A Service Profile Identifier (SPID) is a number issued by ISDN service providers in North America that identifies the services and features of an ISDN circuit. Service providers typically assign each B channel a unique SPID. A SPID is derived from the telephone number assigned to the circuit, and in the U.S. it typically follows a generic, 14-digit format.

A SPID (Service Profile Identifier) is a number assigned by a phone company to a terminal on an Integrated Services Digital Network B-channel. A SPID tells equipment at the phone company's central office about the capabilities of each terminal (computer or phone) on the B-channels. A Basic Rate home or business user may divide service into two B-channels with one used for normal phone service and the other for computer data. The SPID tells the phone company whether the terminal accepts voice or data information.
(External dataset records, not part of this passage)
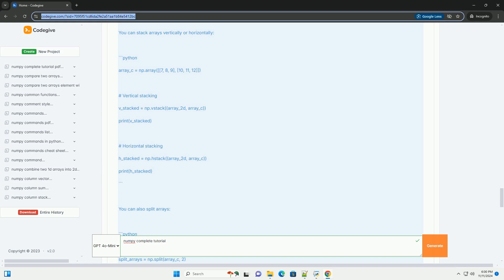For further reading, you can refer to the official NumPy documentation, https://numpy.org/doc/stable. Happy coding.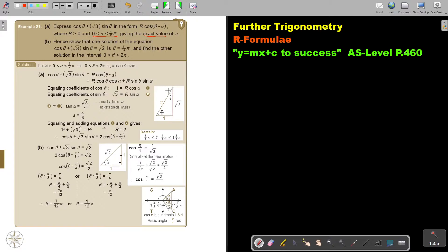This angle is 60° or pi over 3, and this angle is 30° or pi over 6. Now I must think: where is tan? Because tan is opposite over adjacent. So we are working from this angle, and I can say that acute angle α is pi over 3. That's why they used the word 'exact'.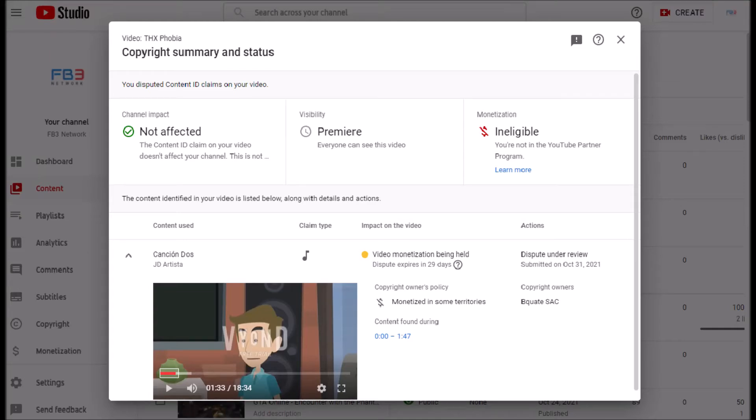I can't believe this. My video called THXphobia was claimed by Quakesack for using one of their songs, this one being Canson DOS by JD Artista.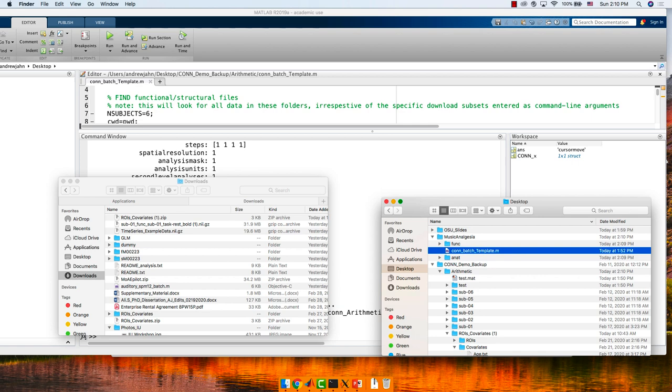Take a minute — I want to make sure we're all at the same location. We have a new folder on our desktop called music_analgesia, with a func directory and an anat directory containing the corresponding functional and anatomical files.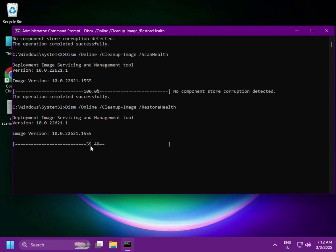Once it is done, try to follow the next method if needed. You can also restart your computer after completing these steps.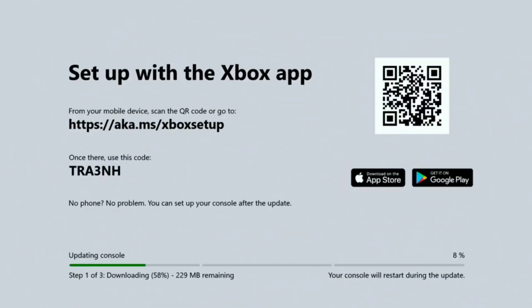At some point, the update will make the Xbox reset on its own, and turn on on its own. And if the update fails after that, then you keep on pressing try again, or continue, because it will work.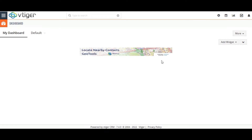Hi! Welcome to the video. In this video, I will show you a quick walkthrough of the vTigger and Google Sync. I will also show you the bidirectional syncing of events and contacts between vTigger and Google. Let's start the video.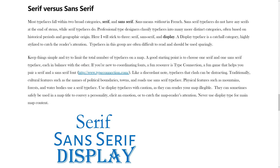Cartographic conventions suggest that you should limit the total number of typefaces on a map. Typically, this means one serif and one sans serif typeface. In this instance, you may also use a display typeface for the poster title to convey a personality, elicit an emotion, or to catch the map reader's attention. Just be sure to never use display type for the main map content.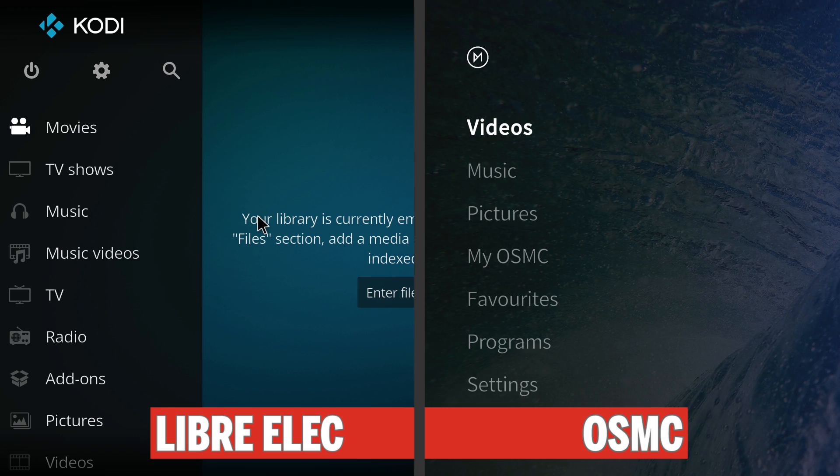Instead of doing them separately, I'm going to do them both at the same time so you can see what the differences are. Looking at both Pis now, on the left is LibreELEC and on the right is OSMC.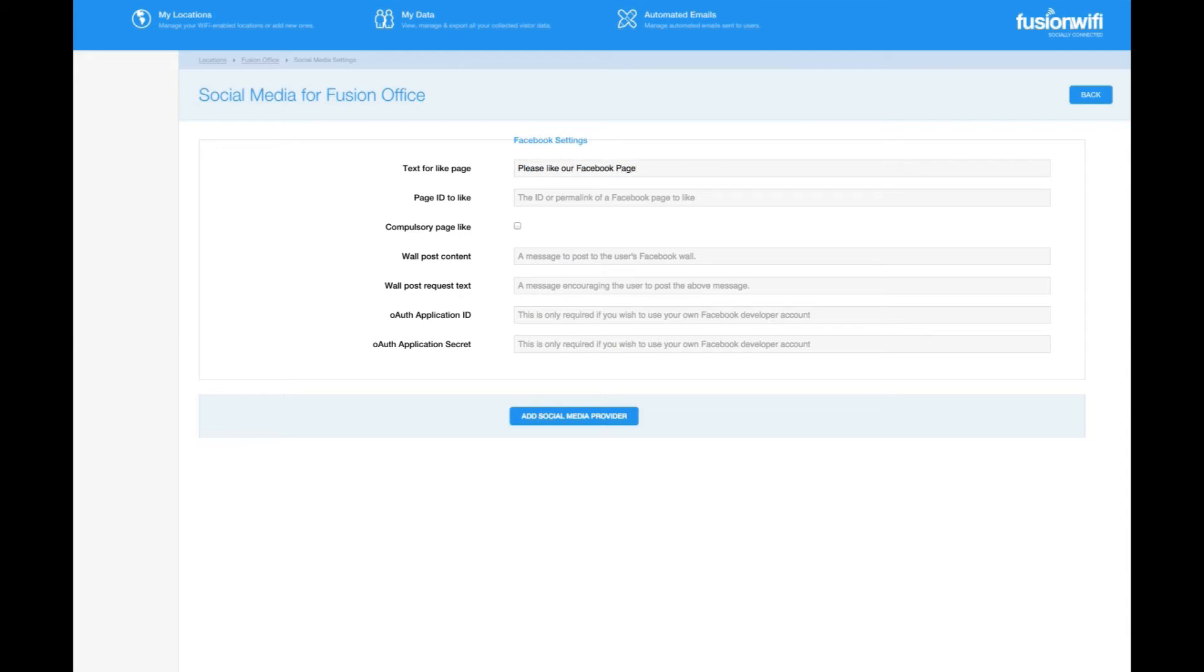Now let's put our Facebook page ID in the box below. This should be your Facebook name or your ID number. The next field is optional. You can make the Facebook like compulsory so that the customer must like your page in order to continue with the login process.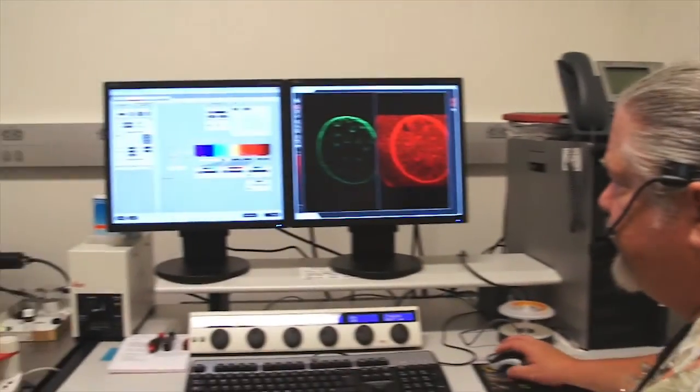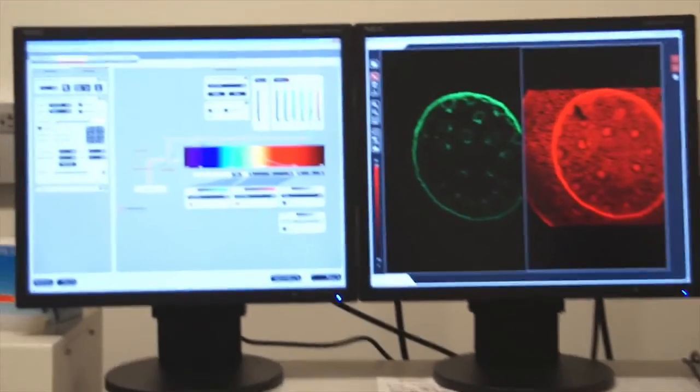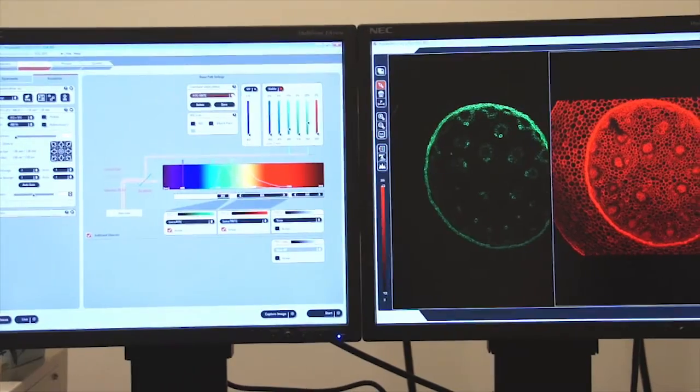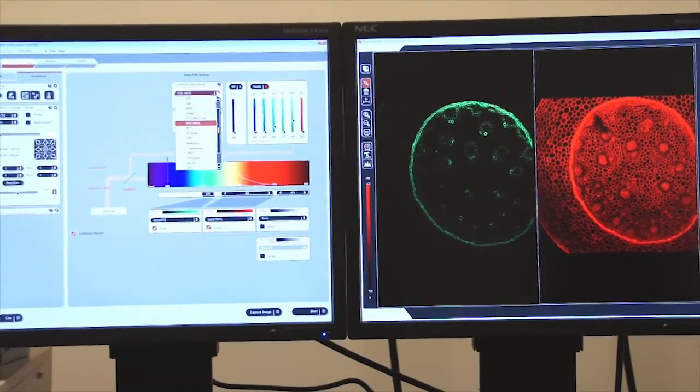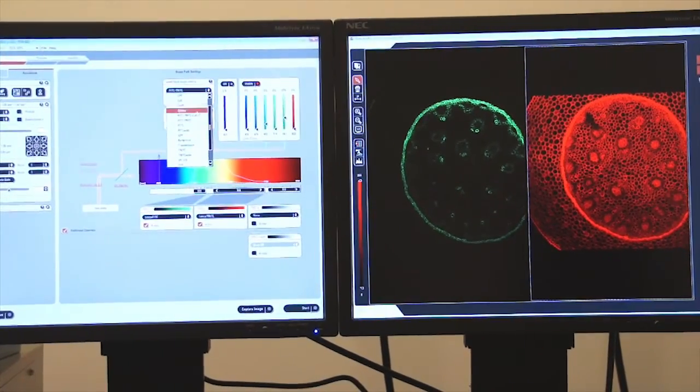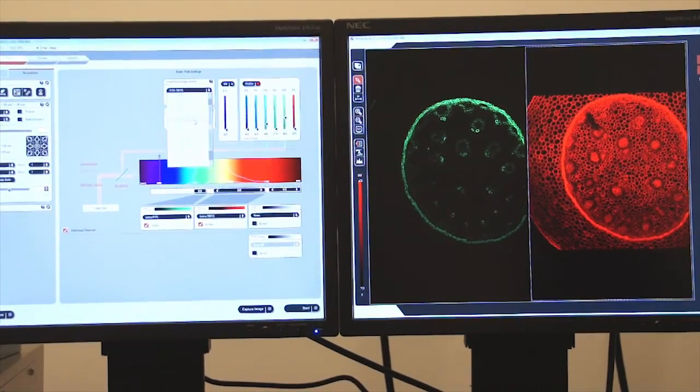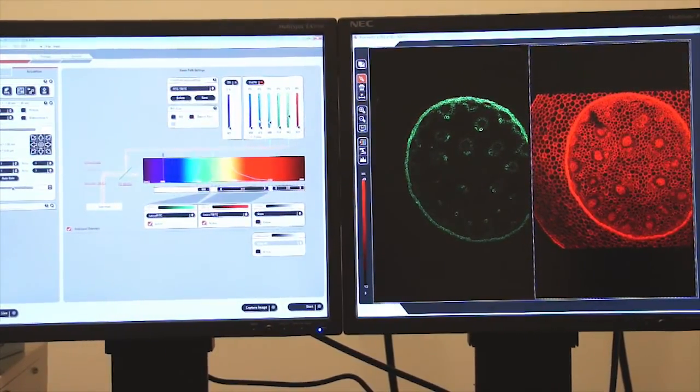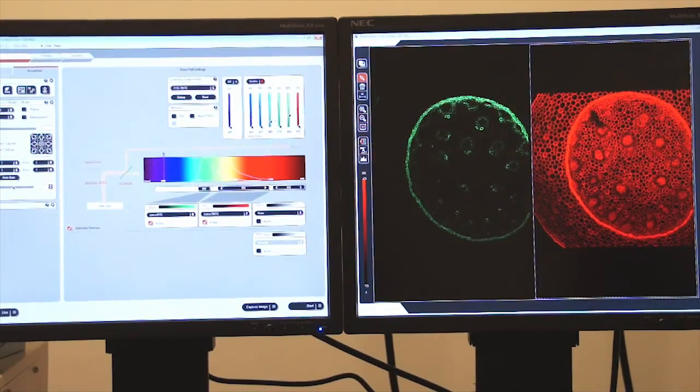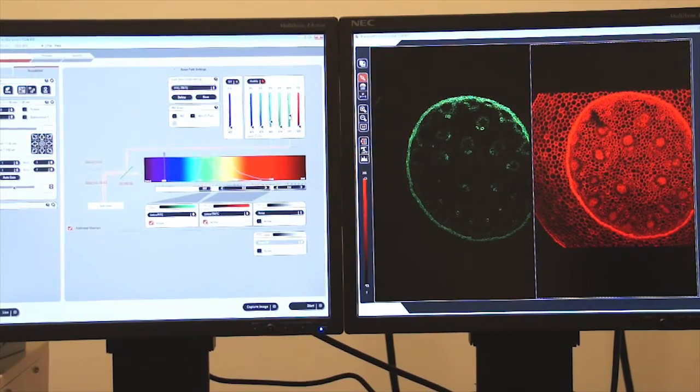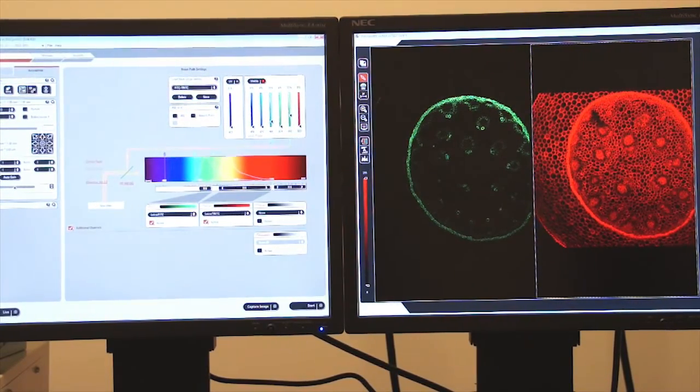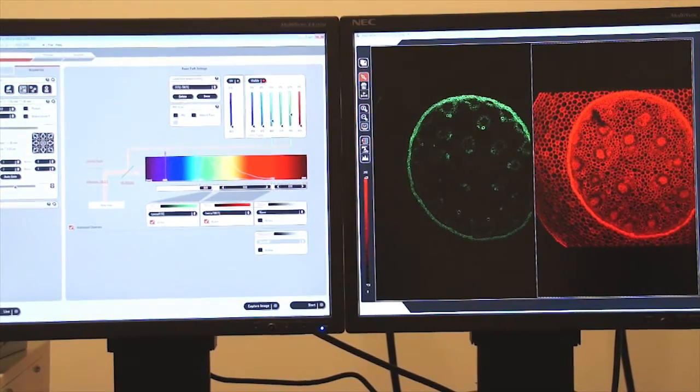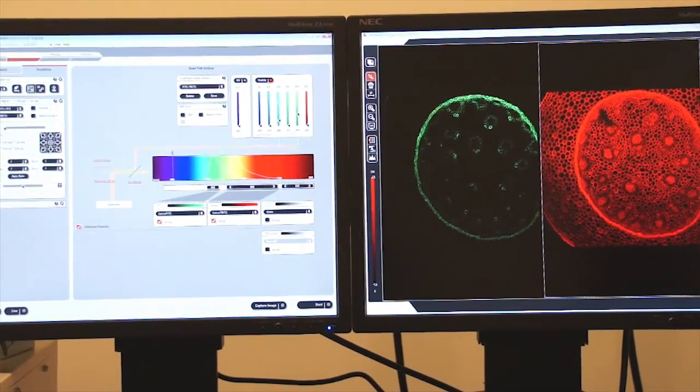In this case, we have selected Fitsy Tritsy from our pull-down menu, which activates the proper lasers with the proper amount of power. It turns on the photomultiplier tubes.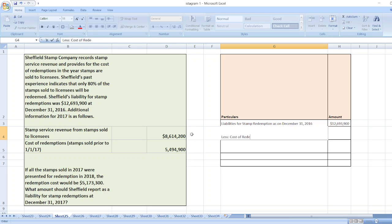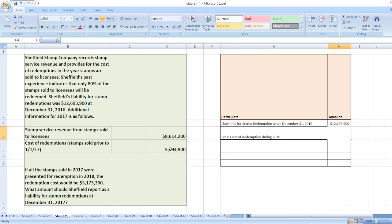Cost of redemption during 2016 is $5,494,900.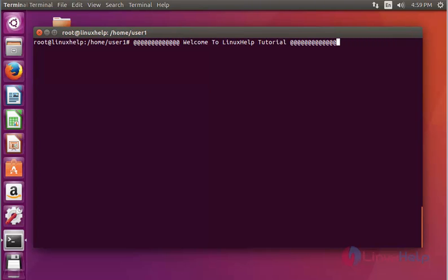Hello everybody, welcome to Linux Help Tutorial. Today I am going to show how to install the inxi tool in Ubuntu 16.04. Inxi is a command line tool for Linux distributions, mainly used to check system information like CPU, audio codec, graphics card, network configuration, and more options.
The SPID is a numeric string from 3 to 20 digits in length. A SPID (or more than one, if necessary) is assigned when the ISDN Basic Rate Interface (BRI) is obtained from the phone company. Starting in 1998, most phone companies began to use a generic SPID format. In this format, the SPID is a 14-digit number that includes a 10-digit telephone number (which includes the 3-digit Numbering Plan Area code), a 2-digit Sharing Terminal Identifier, and a 2-digit Terminal Identifier (TID). The generic SPID format makes it easier to tell users what to specify when installing an ISDN line and simplifies corporate installation procedures.

Back in 1998, some ISDN manufacturers began to provide non-initializing terminals (NITs) that do not require the entering of a SPID. Manufacturers also are delivering terminals with automated SPID selection in which the correct SPID is downloaded to the terminal rather than having to be specified by the user.